= Centro de Investigaciones en Optica =

Centro de Investigaciones en Optica (also known as CIO) is a research center in the field of optics, which is a branch of physics. CIO is located in the city of Leon in the state of Guanajuato in Mexico (approximately at 21°09'12.02"N 101°42'15.84"W). It also has an industrial research facility in the city of Aguascalientes.

==History==
CIO was established in 1980 and has grown to become one of Mexico's leading optics research institutions.

==Research==
The center has 62 researchers. It is split into two sub-departments known as "divisions", which are Optics and Photonics.

===Optics===
In this division researchers are dedicated to problems in classical optics, optical design and engineering, holography, interferometry, polarimetry, vision, etc.

===Photonics===
In this division researchers are dedicated to problems in optical properties of matter, optical fibers, nanomaterials, ultrafast optics, terahertz, dynamic systems, photonic crystals, etc.

==Teaching==
All the academic There are 3 graduate programmes offered by the center:
- Master of Optomechatronics [MOm]. Is a recently created programme that aims to produce highly qualified graduates with a profile appropriate to work in industrial problems.
- Master of Science (Optics) [MSc]. Is a programme aims to produce highly qualified graduates with a profile appropriate to follow an academic career for teaching and if desired for research after a doctorate.
- Doctor of Science (Optics) [DSc] Is a programme aims to produce highly qualified researchers with a profile appropriate to follow an academic career.

All three programmes include a number of courses that have to be fulfilled by the student followed by the preparation of a thesis which has to resolve an industrial (or related) problem in the case of the MOm degree or a research problem in the case of the other two programmes followed by an oral thesis defense.

==Knowledge transfer==
The direccion de tecnologia e inovacion manage the Centers's intellectual property portfolio, working with the Center researchers who wish to commercialise their work by identifying, protecting and marketing technologies through patenting and licensing as well as selling institutional consulting to companies.

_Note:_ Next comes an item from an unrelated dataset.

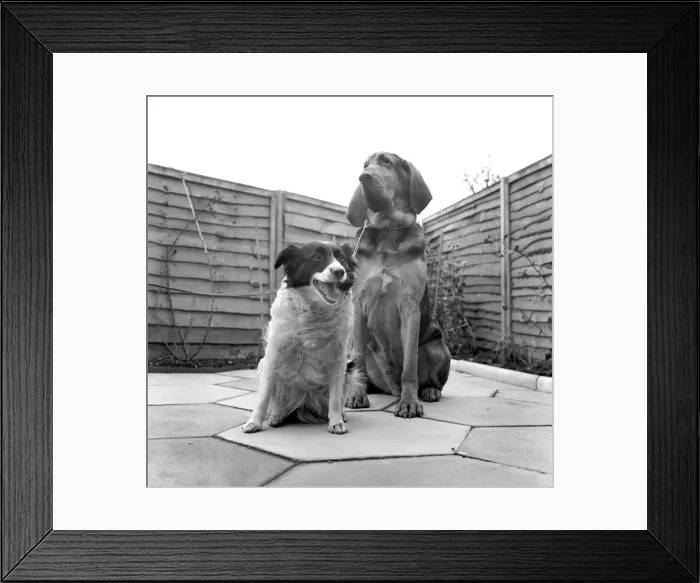 Framed Print : Brutes'the blood hound and Mandy'the Mongrel dog Framed Print : Brutes'the blood hound and Mandy'the Mongrel dog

DTI provides researchers with commercial advice, funds patent applications and legal costs, negotiates third-party licences and identifies and manages consultancy opportunities for researchers at the center.

==Administration==
Administratively the center is divided into four directions:
1. Research (Direccion de Investigacion). This direction is in charge of all the research done in the center. It has certain administrative responsibilities, especially related to
2. Academic (Direccion de Formacion Academica).
3. Knowledge transfer (Direccion de Tecnologia e Inovacion).
4. Administration (Direccion Administrativa).

Centro de Investigaciones en Optica is a CONACYT research center that depends on the National Council for Science and Technology of Mexico, similar to the national laboratories of the US.